* TASK REQUIREMENTS
From the material below, pull each line containing the string "background".
[DATA FOR ANALYSIS — start]
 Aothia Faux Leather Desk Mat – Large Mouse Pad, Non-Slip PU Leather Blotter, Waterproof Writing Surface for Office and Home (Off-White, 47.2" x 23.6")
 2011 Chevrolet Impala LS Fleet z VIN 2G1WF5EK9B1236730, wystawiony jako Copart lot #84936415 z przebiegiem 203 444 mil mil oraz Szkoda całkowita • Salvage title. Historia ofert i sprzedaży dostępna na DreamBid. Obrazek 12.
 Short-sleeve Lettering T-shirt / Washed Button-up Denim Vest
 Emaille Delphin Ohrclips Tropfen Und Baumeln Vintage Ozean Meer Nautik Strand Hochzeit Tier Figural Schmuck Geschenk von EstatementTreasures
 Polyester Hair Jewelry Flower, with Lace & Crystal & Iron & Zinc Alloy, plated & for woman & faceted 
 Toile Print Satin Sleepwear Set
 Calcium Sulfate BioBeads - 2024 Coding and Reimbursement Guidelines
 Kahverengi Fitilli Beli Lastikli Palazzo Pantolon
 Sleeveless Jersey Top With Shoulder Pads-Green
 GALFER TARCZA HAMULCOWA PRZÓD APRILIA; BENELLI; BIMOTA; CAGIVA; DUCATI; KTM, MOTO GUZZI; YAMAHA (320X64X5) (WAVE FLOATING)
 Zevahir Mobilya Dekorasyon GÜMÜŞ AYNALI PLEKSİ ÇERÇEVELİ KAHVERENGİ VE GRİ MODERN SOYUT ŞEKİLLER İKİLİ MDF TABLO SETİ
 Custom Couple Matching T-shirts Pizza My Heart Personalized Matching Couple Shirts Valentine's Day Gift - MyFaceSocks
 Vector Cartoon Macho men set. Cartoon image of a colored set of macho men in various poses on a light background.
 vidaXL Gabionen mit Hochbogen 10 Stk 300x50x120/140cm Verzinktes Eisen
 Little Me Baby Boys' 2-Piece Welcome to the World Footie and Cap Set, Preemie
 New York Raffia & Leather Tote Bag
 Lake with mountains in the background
[DATA FOR ANALYSIS — finish]
* FINAL ANSWER
 Vector Cartoon Macho men set. Cartoon image of a colored set of macho men in various poses on a light background.
 Lake with mountains in the background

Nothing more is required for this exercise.